# Automatic Feeders



## flyrod4steelhead (Mar 14, 2002)

Are Automatic Feeder's such as Kenco, or Sweeney, LEGAL in Michigan?

Thanks.


----------



## Bob S (Mar 8, 2000)

Yes they are, as long as you follow all of the baiting rules. Limit 2 gallons per day, not in the TB area, etc. Can only be out from October 1 thru January 1.

NOTICE: this is not an endorsement of baiting, only an answer to your question.


----------



## flyrod4steelhead (Mar 14, 2002)

Thanks Bob S. That is all I needed.


----------



## oak woods (Jan 14, 2003)

i own 35 acres i built a feeder out of a 55 gal drum and put one of those automatic feeder on it (the ones that spins and spits the feed out) in my case i have corn and sunflowers seeds in it. so i can only have it up from october to january? i don't remember reading anything like that, but i might have miss something i'll read it again thanks


----------



## Bob S (Mar 8, 2000)

On page 19 of the Hunting and Trapping Guide.
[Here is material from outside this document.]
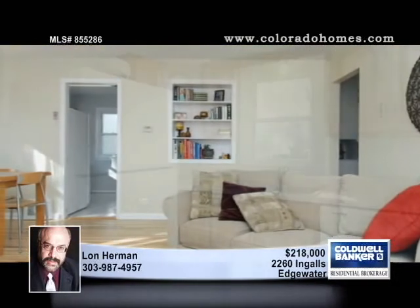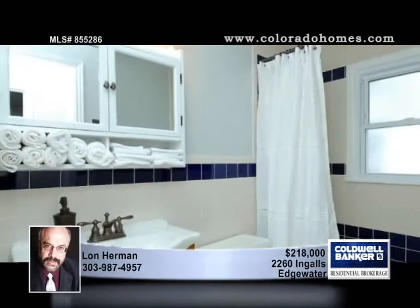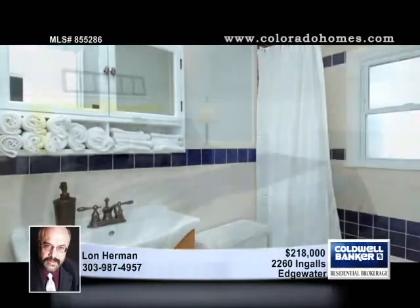Perfect for the first-time buyer, this well-maintained three-bedroom home has new paint and refinished hardwood floors. The main bath has been updated as well as lighting throughout.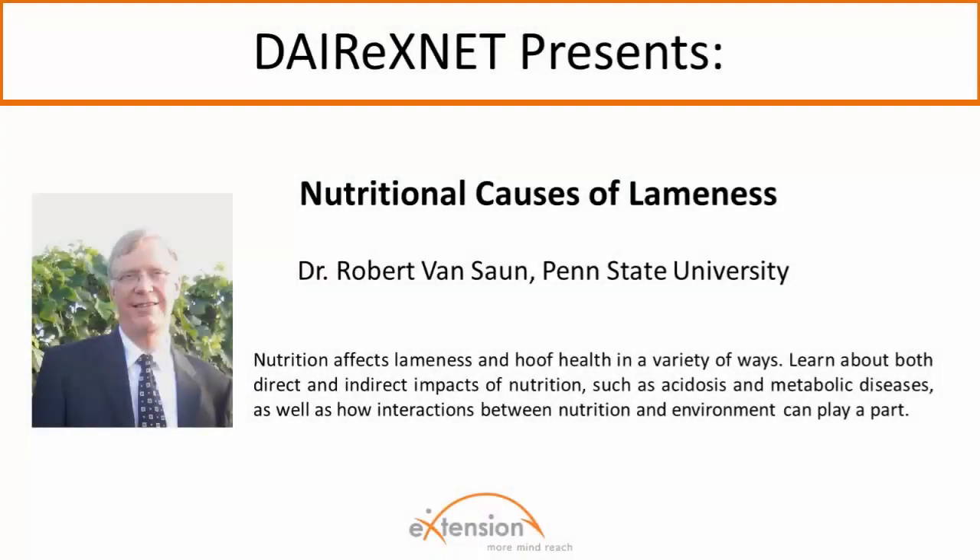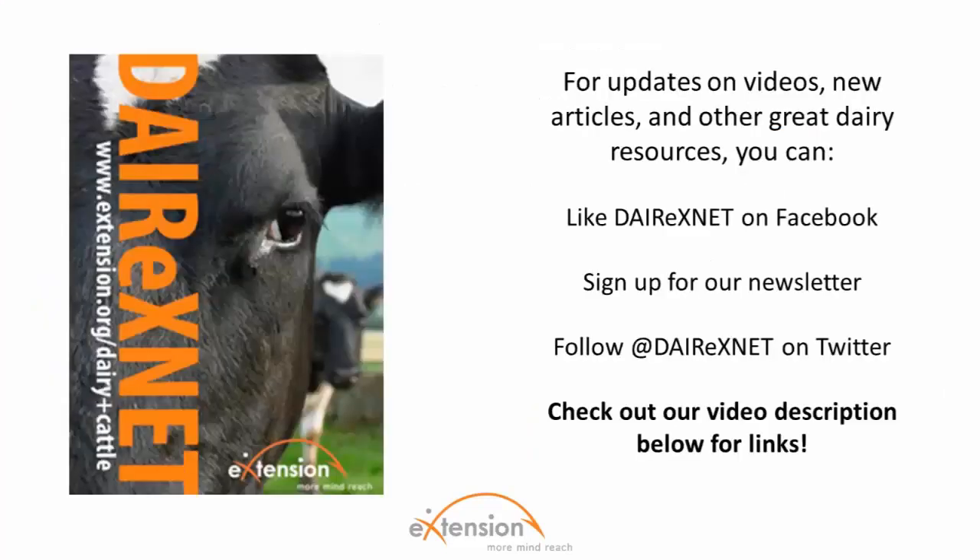Welcome. Thanks for watching this dairy video brought to you by Dairy XNet. In this video, Dr. Robert Van Zahn joins us to discuss the role nutrition plays in lameness. If you'd like alerts on new articles, videos, and resources, be sure to check out the video description below to follow us on Facebook and Twitter, or sign up for our newsletter. Don't forget to subscribe to our channel here on YouTube.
*Baiting may only occur from October 1 to January 1.*


----------



## oak woods (Jan 14, 2003)

the very first line. just not paying attention to what it said, i guess that's how people get in trouble. I was told that if i mix sunflower seeds in with the corn that it would be considered a wildlife feeder meaning i would be able to keep it up year round. is this true?? the reason i made it out of a 55 gal drum is i figured that the squirrels and turkeys and others (Birds) would get the majority of the seed. thanks


----------



## boehr (Jan 31, 2000)

Only if you make it in such a way that deer can't get to it. Not true who ever told you that.


----------